The Mega G uses an Aurora G-Plus/Tyco/Wizzard/Slottech timed arm, as opposed to a Tomy Turbo/SG+ timed arm. I'm not sure 9 ohm arm would help much unless you could also get some ceramic traction magnets.

The Mega G needs current to generate enough torque to move those magnets, which means a lower resistance controller. The 90 ohm is not a good choice at all for this application. I experimented with running Mega Gs at 18V and 12V with 45 ohm, 60 ohm, and 90 ohm Parma Econo controllers.

Based on my experiments I think you will be happy running the Mega G at 12V with a 45 ohm controller, without brakes. It will still have enough top end to get in trouble but the range of control is still good. You could try going a little higher or lower on the voltage to adjust for your layout, but 12V seems like a pretty good compromise.


----------



## resinmonger (Mar 5, 2008)

Restrictor Plate Racin' comes to HO. Gotta do something to protect the fans from these little missles! Seriously, this is a very good thread. We all need to be able to dial this little jewel into our own tracks so we can support Wahoo's fantastic effort to bring us all major slot car goodness! Wahoo for secretary of Slot Car Racing!!!!!

Hutts are easy to get stoked! :drunk::hat::freak::dude:


----------



## Montoya1 (May 14, 2004)

AfxToo said:


> . I'm not sure 9 ohm arm would help much unless you could also get some ceramic traction magnets.
> .


You can! I had some made....


----------



## resinmonger (Mar 5, 2008)

*Think out of the box*

I wanted to de-tune my Mega-G. The most effecient way I came up with is to replace the complete running chassis with a Super III. This produces greatly reduced performance. The body needs some small alteration however...

:drunk::hat::freak::dude:


----------



## AfxToo (Aug 29, 2003)

Montoya1, how did they work out performance wise? Handling is a concern. I'm finding the Mega G a bit light in the nose even with the neos. Look at the stock stance! I'd imagine with ceramic magnets you would have to drop the front end down a ton. So far my box stock SRTs are still turning more laps than the Mega Gs, but we'll have to see how this plays out as we learn more about the car.
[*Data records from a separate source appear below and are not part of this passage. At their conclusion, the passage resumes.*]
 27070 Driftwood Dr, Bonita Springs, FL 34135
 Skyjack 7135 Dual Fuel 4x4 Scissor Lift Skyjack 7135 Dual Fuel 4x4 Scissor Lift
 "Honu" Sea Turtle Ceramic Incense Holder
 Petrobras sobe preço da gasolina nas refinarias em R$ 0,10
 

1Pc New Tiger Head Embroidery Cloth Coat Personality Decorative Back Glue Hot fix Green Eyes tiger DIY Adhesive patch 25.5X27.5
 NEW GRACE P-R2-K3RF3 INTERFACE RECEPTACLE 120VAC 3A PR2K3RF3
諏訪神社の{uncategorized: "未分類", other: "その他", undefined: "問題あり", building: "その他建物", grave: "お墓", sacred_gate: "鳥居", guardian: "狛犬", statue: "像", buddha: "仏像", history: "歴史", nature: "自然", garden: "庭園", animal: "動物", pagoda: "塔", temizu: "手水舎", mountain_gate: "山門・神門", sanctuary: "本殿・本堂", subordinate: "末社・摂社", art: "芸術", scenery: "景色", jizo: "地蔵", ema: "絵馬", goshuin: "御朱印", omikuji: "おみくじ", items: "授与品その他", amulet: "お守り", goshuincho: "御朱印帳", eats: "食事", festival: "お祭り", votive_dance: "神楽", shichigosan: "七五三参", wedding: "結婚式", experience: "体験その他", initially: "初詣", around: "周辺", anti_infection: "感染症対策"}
A properly set up Super III would be roughly equivalent to Mega G in performance, so I don't think it would buy you much in any relief from the speed. Putting adjustable brushes on the Super III was a daring move for AW, and it cost them. Once you get that figured out and adjust the shoes so they run flat, and lock the traction magnets at the right height, it is a very fast chassis, although the bodies are tanks compared to the open wheeled bodies on the MG.


----------



## Montoya1 (May 14, 2004)

Once it became apparent that the MG with my ceramic magnets would not live with a Tyco, I switched to playing around with the car in stock form.

Roger Corrie has some of them, and one other guy, and I would be happy to sell the rest to guys exploring this 12V low downforce idea....


----------



## TomH (Jan 17, 2006)

twolff said:


> I've posted a couple ramblings about de-tuning the Mega-G chassis and though that starting a thread on just that might give us all a plave to share ideas.
> 
> I've has one on the track and it is WAY too fast for my 4x8 layout. I have the voltage down to 10v just in an attempt to keep the wings on it. I've read that these just get faster as the brushes seat too!
> 
> ...


I was afraid of that. A scenery busting blur car, but great for the larger magnet type tracks out of the box. I was hoping a lower voltage would be all that is needed. Lead used in fishing weights is very soft and can be formed to fit I bet. I was looking at a riggen pic and I saw what looked to be a brass button placed over the front guide to hold the front end down. Might help here also.


----------



## blubyu (May 4, 2008)

Finding the same as AfxToo, light front not as good as my SRT yet. Still have some room to lower the fronts to see if it helps....and the rear tires also as compared to my SRT on a test track.


----------